As someone who wasn’t allowed to take so-called “non-academic” subjects like art when she went to school, Toni Mulholland of Stockton was impressed and somewhat jealous when her “three-year-old granddaughter’s friendly class” studied Picasso through their own Cubist create works of art and increase their knowledge of two-dimensional forms by painting compositions in the style of Piet Mondrian. I can’t wait to see what the toddlers do next in their STEM curriculum. Maybe they’ll move on to something more classic like Leonardo da Vinci’s Vitruvian Man?”

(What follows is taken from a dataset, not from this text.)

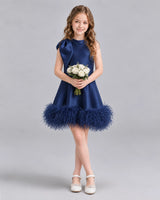 Navy Blue A-line Girls Formal Dresses Pose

Reports that large numbers of great white shark carcasses have washed up on South African beaches after being attacked by cooperating killer whales, resulting in an exodus of great white sharks from the area, led Stewart Copper of Maroubra to hope that “they don’t all swim west across the Pacific to you-know-where, but the question remains, would an orca consider us a friend or a meal?”
Unlike Peter Miniutti (C8), Nick Walker of Suffolk Park was amazed by the professional newspaper readers on the train in the early 1980s. “They would have the paper folded lengthwise and then folded lengthwise again, and then they would be on the next page with their hands in a minute without disturbing their fellow passengers.”
Bondi Junction’s Eric Scott wonders if “Joseph Nicéphore Niépce, who worked on the camera (or whatever he called it at the time), and Alexander Graham Bell, inventing the telephone, would have bothered if they knew the combined result would be a device (C8) used to send pictures of your genitals and notify everyone on the bus about your personal affairs?
Rob Baxter from Naremburn suffered from drivers not having access due to cardless barriers in car parks. “Recently I parked at the Glebe tram sheds after 6pm (free parking), and left after 1 hour. The exit boom gate charged me over $40 to leave, which is what I had to pay to get home on a Sunday night. Three emails failed to yield a refund. Is this a new scam, or just a case of artificial unintelligence?”
When Shane Dominick of Merrylands worked for the sadly defunct Co-Op Bookshop selling lifetime memberships (C8), “he witnessed a co-worker having a heated argument with a member about when life actually ended for the purposes of his membership . I don’t know if we had a solution to the question.”